With the pictures left out, retype exactly the lines below starting at the line that contains "Hi guys, welcome" and ending at the line that contains "Hello everyone. Today".

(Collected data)
▼

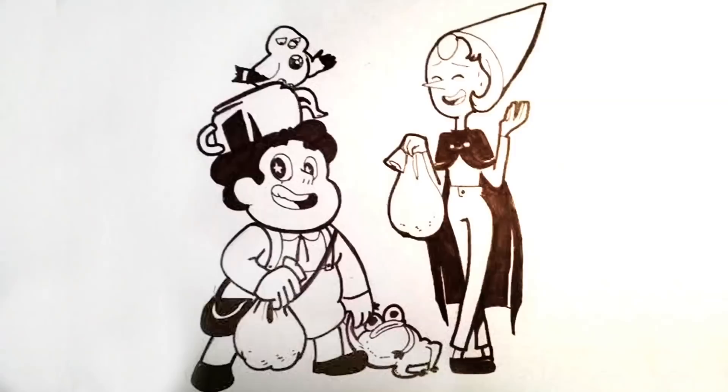Hey guys, hope you enjoyed the video. Sorry about the end results not looking super clean — I don't really have a scanner and I do most of my work digitally now. But if you have anything you want to see me draw, leave it down in the comments, and I hope you guys have a great day. See you guys next week!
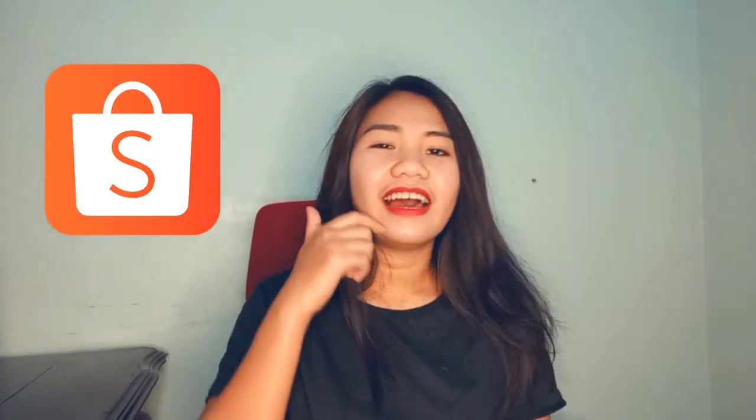Hi guys, welcome to my channel! This is your artist Sophie, and in today's vlog I bought a mic from Shopee — the Tata Kay Boya. So let's have a quick review!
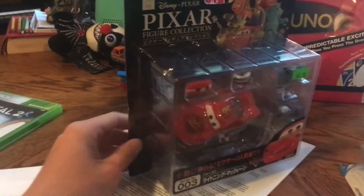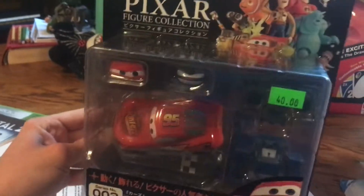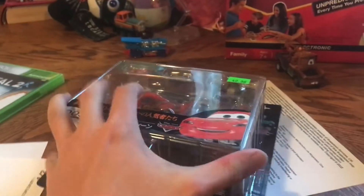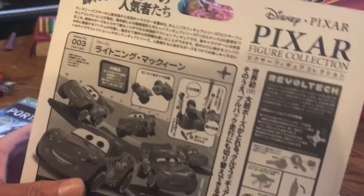Hello everyone. Today we have the Revel Tech Lightning McQueen from the Pixar figure collection. I got this at the Level Up Expo yesterday. Here are the different poses that you can do.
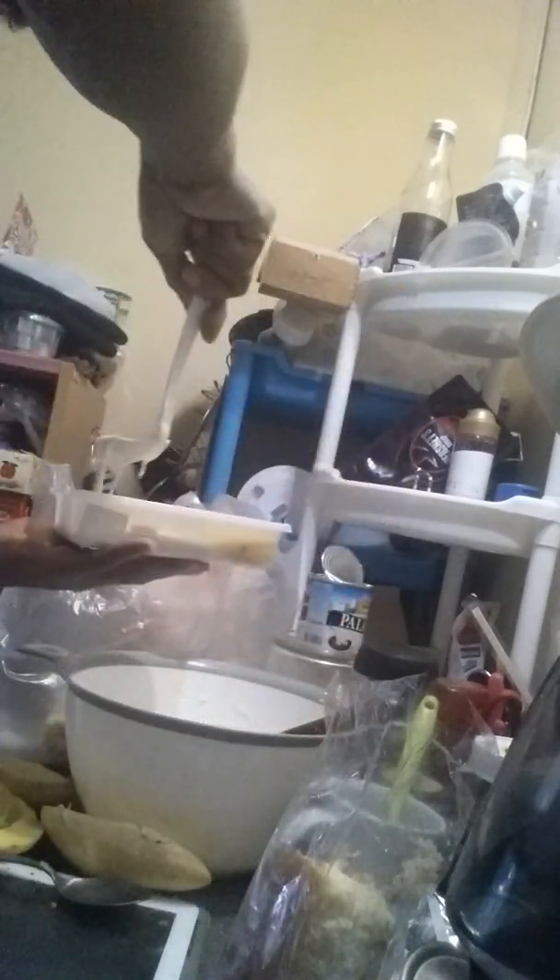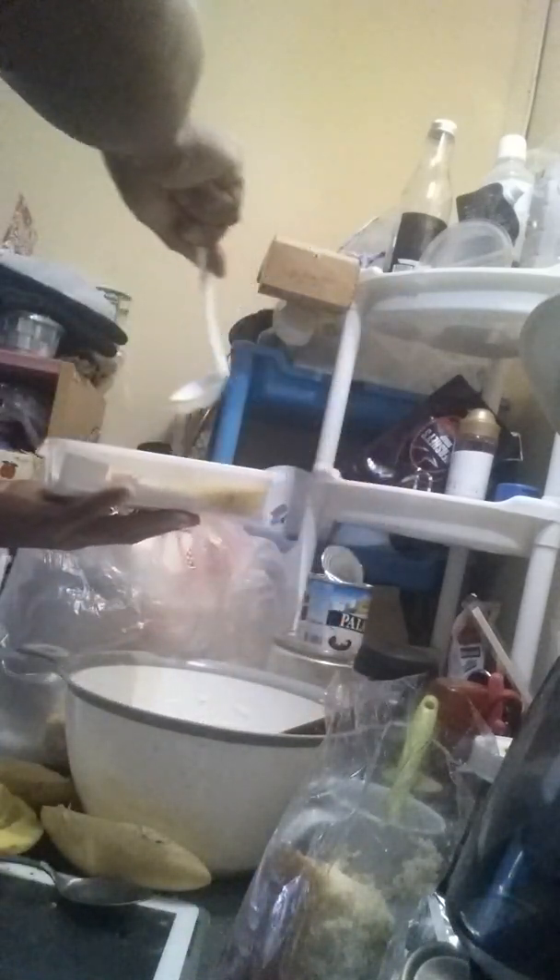Okay, here it is — this is the first layer, and then my whipping cream again on top.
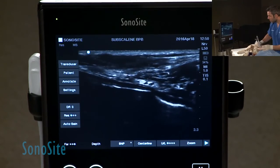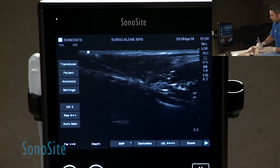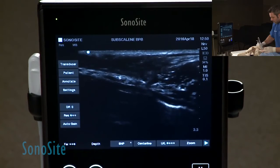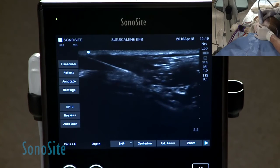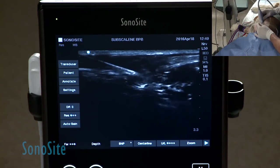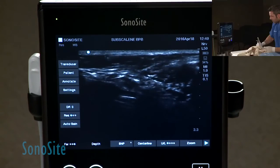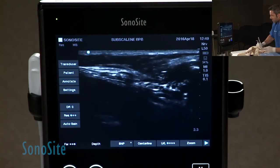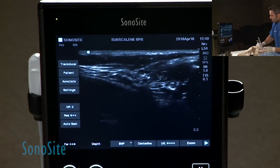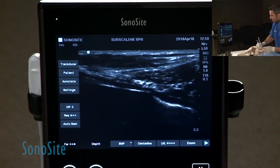You can see the needle coming out in proximity to the cranial portion. A lot of times I will turn off my stimulator at this point so I don't get interference during the blockade. I'm then moving again cranially to get the nerves. Because it's a very superficial blockade — the needle is just in the subcutaneous tissue, not much muscle over it — it's sometimes trickier to get a clear image of your needle for the complete block.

▲

### Written reply:
Hi guys, welcome to my channel! This is your artist Sophie, and in today's vlog I bought a mic from Shopee — the Tata Kay Boya. So let's have a quick review!
Hello everyone. Today we have the Revel Tech Lightning McQueen from the Pixar figure collection. I got this at the Level Up Expo yesterday. Here are the different poses that you can do.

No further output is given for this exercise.